Sportswear can provide antibiotic resistance. Ban the unnecessary use of antimicrobial in clothing.

Check what kind of exercise clothes you can safely buy and what you should steer clear.

A new survey show that Adidas and several other sports and leisure clothes contain chemicals that can make bacteria resistant to antibiotics. The substances added to prevent unpleasant odors.

It is well documented that bacteria exposed to silver, including through textiles, may develop silver resistance.

A Swedish doctoral dissertation also show that silver-resistant bacteria may be resistant to important antibiotics.

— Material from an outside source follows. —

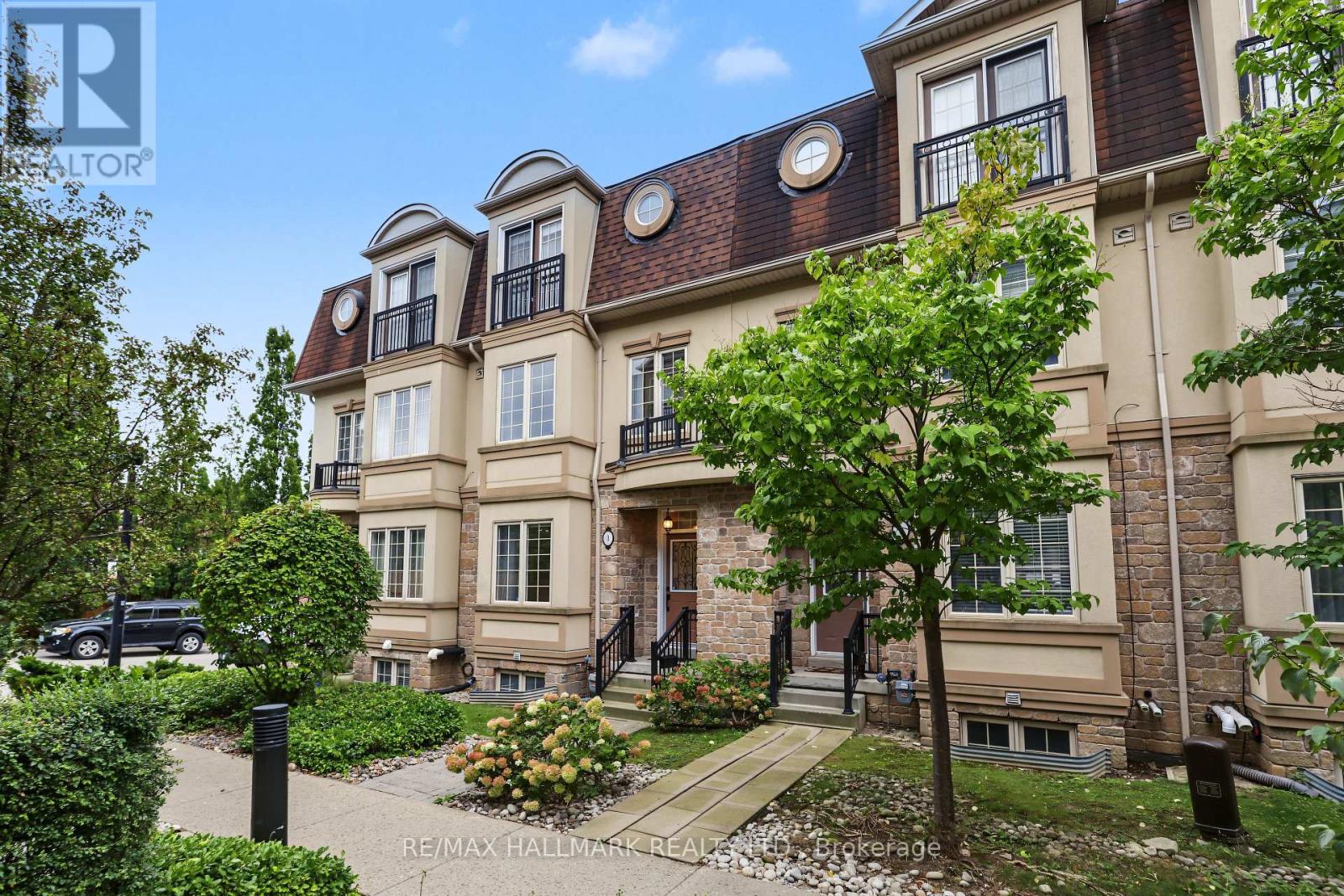3 Flook Lane, Toronto, Ontario  M2R 3Y5 - Photo 2 - C13817852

According to the World Health Organization is the emergence of antibiotic resistance bacteria one of the worst public health threats the world faces.
Sportswear can provide antibiotic resistance

These clothing brands may contain silver
  • Adidas (Adidas has not specified which items containing silver or other antibacterial drugs)
  • Castelli (Castelli has not specified which items contain silver.)
  • Norrøna (All garments marked with polygiene) - Norrøna recently decided to phase out silver in further production.
  • Sweet Protection (all garments marked with polygiene)
  • X-Bionic (all) & X-Socks (all) - The manufacturer of X-Bionic and X-Socks working to find alternatives, but will continue to use silver until they have developed a different antibacterial therapy.
These clothing brands may contain other antibacterial substances
  • 2XU (All compression noise)
  • Adidas 
  • Puma - Puma has so far (October 7th) not answered Future in our hands survey. Information on the use of antibacterial substances is taken from their website.
  • Swix (RaceX Bodywear - uppers, pants, boxers)
These clothing brands contain no antibacterial substances
  • Asics
  • Bavac
  • Bergans
  • Bjørn Dæhlie
  • Casall
  • Craft
  • Devold
  • Helly Hansen
  • Kari Traa
  • Nike
More sportswear manufacturers using other antibacterial agents than silver. The most common option is so-called Quaternary ammonium compounds, used in everything from Pyrisept to hair conditioner for clothes. Also these drugs are suspected to induce antibiotic resistance.

Our recommendation is to steer clear of all exercise clothes marketed as antibacterial, odorless or similar.

There is broad consensus that the use of antibacterial substances in clothing and other consumer products is unfortunate.